### Exercise
Using the listing below, please print exactly the lines from the one with "Crystal Big Ben" through the one with "Erima Sport-Polo CMPT". Leave out every picture.

### Given data
##############################

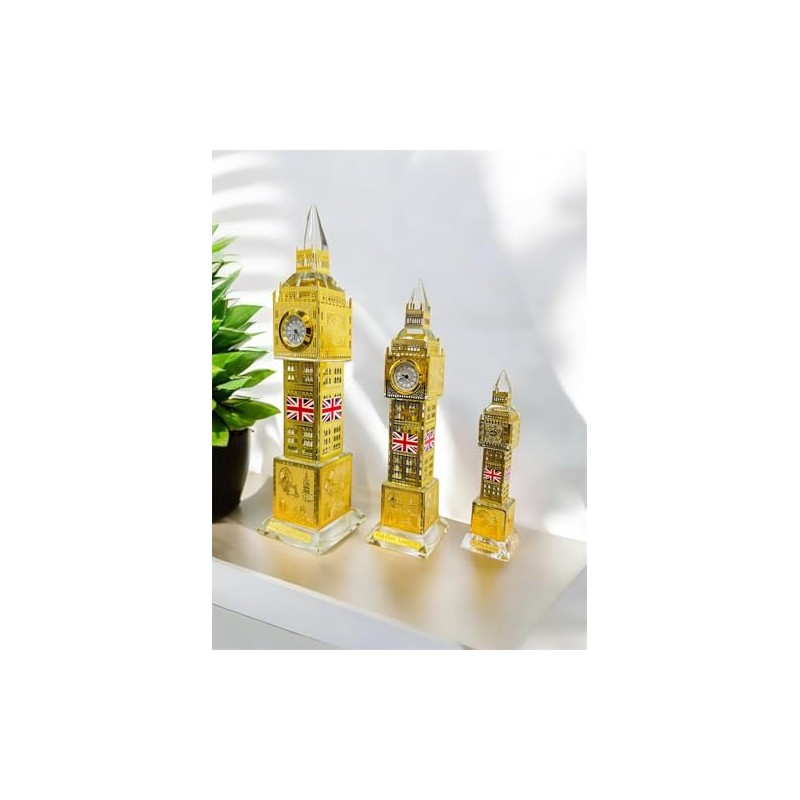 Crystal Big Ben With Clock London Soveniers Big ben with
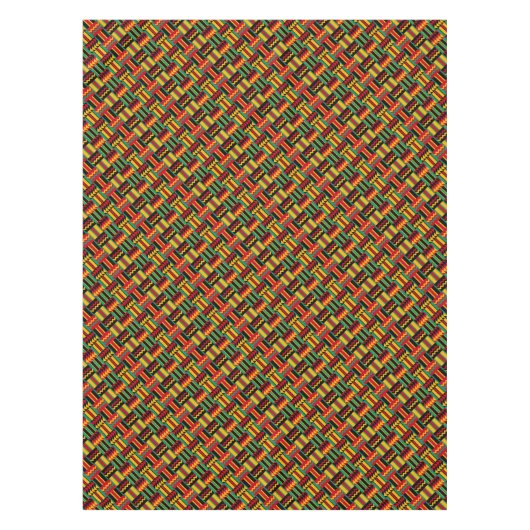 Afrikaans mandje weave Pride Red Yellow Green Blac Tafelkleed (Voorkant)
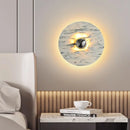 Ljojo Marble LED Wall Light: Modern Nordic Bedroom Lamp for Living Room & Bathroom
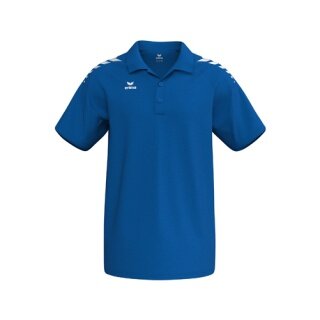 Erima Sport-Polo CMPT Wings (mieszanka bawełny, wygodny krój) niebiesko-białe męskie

##############################

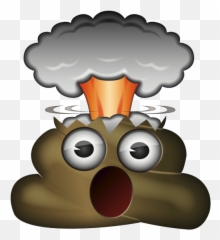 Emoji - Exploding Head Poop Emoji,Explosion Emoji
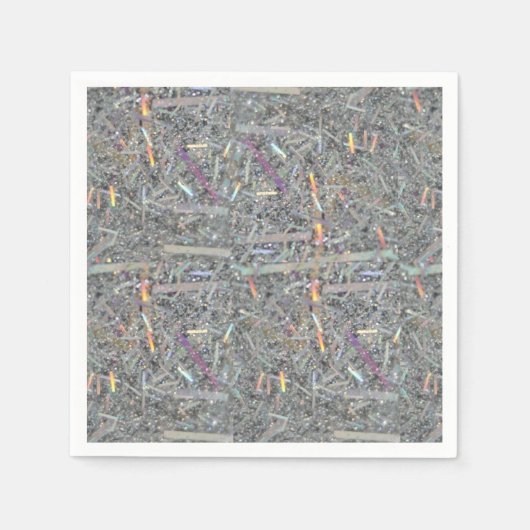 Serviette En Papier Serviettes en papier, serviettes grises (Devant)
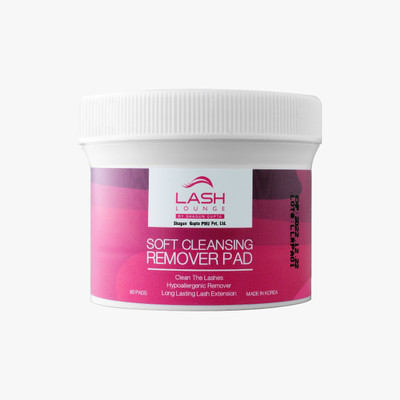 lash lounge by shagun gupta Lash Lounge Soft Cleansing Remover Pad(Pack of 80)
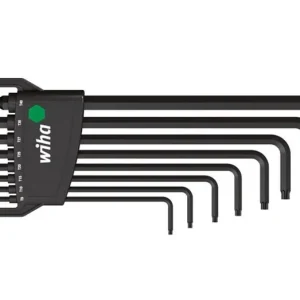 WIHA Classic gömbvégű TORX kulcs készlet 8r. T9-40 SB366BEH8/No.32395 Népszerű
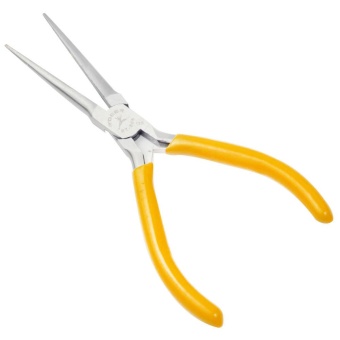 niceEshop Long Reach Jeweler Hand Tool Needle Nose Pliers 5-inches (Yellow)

##############################

### Finished exercise
 Crystal Big Ben With Clock London Soveniers Big ben with
 Afrikaans mandje weave Pride Red Yellow Green Blac Tafelkleed (Voorkant)
 Ljojo Marble LED Wall Light: Modern Nordic Bedroom Lamp for Living Room & Bathroom
 Erima Sport-Polo CMPT Wings (mieszanka bawełny, wygodny krój) niebiesko-białe męskie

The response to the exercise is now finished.